(Scraped caption text data)
---*---

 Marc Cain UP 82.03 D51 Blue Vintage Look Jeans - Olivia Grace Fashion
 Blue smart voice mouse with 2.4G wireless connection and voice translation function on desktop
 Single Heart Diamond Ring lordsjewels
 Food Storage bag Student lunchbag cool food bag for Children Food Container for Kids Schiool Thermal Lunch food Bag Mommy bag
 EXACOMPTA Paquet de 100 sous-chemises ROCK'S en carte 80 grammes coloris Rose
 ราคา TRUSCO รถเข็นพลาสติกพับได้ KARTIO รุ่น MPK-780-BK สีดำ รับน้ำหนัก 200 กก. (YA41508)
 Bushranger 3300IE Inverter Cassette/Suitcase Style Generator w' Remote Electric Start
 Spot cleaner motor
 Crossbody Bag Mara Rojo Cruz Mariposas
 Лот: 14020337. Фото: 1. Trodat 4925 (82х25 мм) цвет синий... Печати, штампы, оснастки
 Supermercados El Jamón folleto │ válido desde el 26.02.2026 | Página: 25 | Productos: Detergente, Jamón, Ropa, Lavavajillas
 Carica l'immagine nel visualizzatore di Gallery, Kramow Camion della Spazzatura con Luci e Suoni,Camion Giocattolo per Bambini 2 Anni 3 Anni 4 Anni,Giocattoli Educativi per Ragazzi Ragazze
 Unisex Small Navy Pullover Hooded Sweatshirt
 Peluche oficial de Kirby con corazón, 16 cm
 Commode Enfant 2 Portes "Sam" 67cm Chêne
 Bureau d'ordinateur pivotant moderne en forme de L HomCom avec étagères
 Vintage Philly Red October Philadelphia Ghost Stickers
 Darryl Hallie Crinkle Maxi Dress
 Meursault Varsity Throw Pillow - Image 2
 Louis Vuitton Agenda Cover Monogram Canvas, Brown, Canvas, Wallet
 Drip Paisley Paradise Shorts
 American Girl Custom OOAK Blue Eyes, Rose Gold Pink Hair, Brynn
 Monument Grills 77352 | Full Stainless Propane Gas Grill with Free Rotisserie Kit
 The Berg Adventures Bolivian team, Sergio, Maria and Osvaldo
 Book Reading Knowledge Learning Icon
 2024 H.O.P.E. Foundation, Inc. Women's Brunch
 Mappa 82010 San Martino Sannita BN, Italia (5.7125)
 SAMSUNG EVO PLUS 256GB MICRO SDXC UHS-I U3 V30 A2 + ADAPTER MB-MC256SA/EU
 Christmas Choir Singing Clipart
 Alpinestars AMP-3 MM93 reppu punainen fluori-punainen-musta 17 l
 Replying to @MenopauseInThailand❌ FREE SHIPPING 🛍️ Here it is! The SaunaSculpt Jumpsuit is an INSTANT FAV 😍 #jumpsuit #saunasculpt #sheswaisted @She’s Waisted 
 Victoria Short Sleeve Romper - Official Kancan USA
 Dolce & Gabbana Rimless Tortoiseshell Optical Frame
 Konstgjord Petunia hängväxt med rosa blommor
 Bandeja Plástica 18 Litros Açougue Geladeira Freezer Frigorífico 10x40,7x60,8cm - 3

---*---

What the task asks ->
Set all the entries above down again exactly.

Task output ->
 Marc Cain UP 82.03 D51 Blue Vintage Look Jeans - Olivia Grace Fashion
 Blue smart voice mouse with 2.4G wireless connection and voice translation function on desktop
 Single Heart Diamond Ring lordsjewels
 Food Storage bag Student lunchbag cool food bag for Children Food Container for Kids Schiool Thermal Lunch food Bag Mommy bag
 EXACOMPTA Paquet de 100 sous-chemises ROCK'S en carte 80 grammes coloris Rose
 ราคา TRUSCO รถเข็นพลาสติกพับได้ KARTIO รุ่น MPK-780-BK สีดำ รับน้ำหนัก 200 กก. (YA41508)
 Bushranger 3300IE Inverter Cassette/Suitcase Style Generator w' Remote Electric Start
 Spot cleaner motor
 Crossbody Bag Mara Rojo Cruz Mariposas
 Лот: 14020337. Фото: 1. Trodat 4925 (82х25 мм) цвет синий... Печати, штампы, оснастки
 Supermercados El Jamón folleto │ válido desde el 26.02.2026 | Página: 25 | Productos: Detergente, Jamón, Ropa, Lavavajillas
 Carica l'immagine nel visualizzatore di Gallery, Kramow Camion della Spazzatura con Luci e Suoni,Camion Giocattolo per Bambini 2 Anni 3 Anni 4 Anni,Giocattoli Educativi per Ragazzi Ragazze
 Unisex Small Navy Pullover Hooded Sweatshirt
 Peluche oficial de Kirby con corazón, 16 cm
 Commode Enfant 2 Portes "Sam" 67cm Chêne
 Bureau d'ordinateur pivotant moderne en forme de L HomCom avec étagères
 Vintage Philly Red October Philadelphia Ghost Stickers
 Darryl Hallie Crinkle Maxi Dress
 Meursault Varsity Throw Pillow - Image 2
 Louis Vuitton Agenda Cover Monogram Canvas, Brown, Canvas, Wallet
 Drip Paisley Paradise Shorts
 American Girl Custom OOAK Blue Eyes, Rose Gold Pink Hair, Brynn
 Monument Grills 77352 | Full Stainless Propane Gas Grill with Free Rotisserie Kit
 The Berg Adventures Bolivian team, Sergio, Maria and Osvaldo
 Book Reading Knowledge Learning Icon
 2024 H.O.P.E. Foundation, Inc. Women's Brunch
 Mappa 82010 San Martino Sannita BN, Italia (5.7125)
 SAMSUNG EVO PLUS 256GB MICRO SDXC UHS-I U3 V30 A2 + ADAPTER MB-MC256SA/EU
 Christmas Choir Singing Clipart
 Alpinestars AMP-3 MM93 reppu punainen fluori-punainen-musta 17 l
 Replying to @MenopauseInThailand❌ FREE SHIPPING 🛍️ Here it is! The SaunaSculpt Jumpsuit is an INSTANT FAV 😍 #jumpsuit #saunasculpt #sheswaisted @She’s Waisted 
 Victoria Short Sleeve Romper - Official Kancan USA
 Dolce & Gabbana Rimless Tortoiseshell Optical Frame
 Konstgjord Petunia hängväxt med rosa blommor
 Bandeja Plástica 18 Litros Açougue Geladeira Freezer Frigorífico 10x40,7x60,8cm - 3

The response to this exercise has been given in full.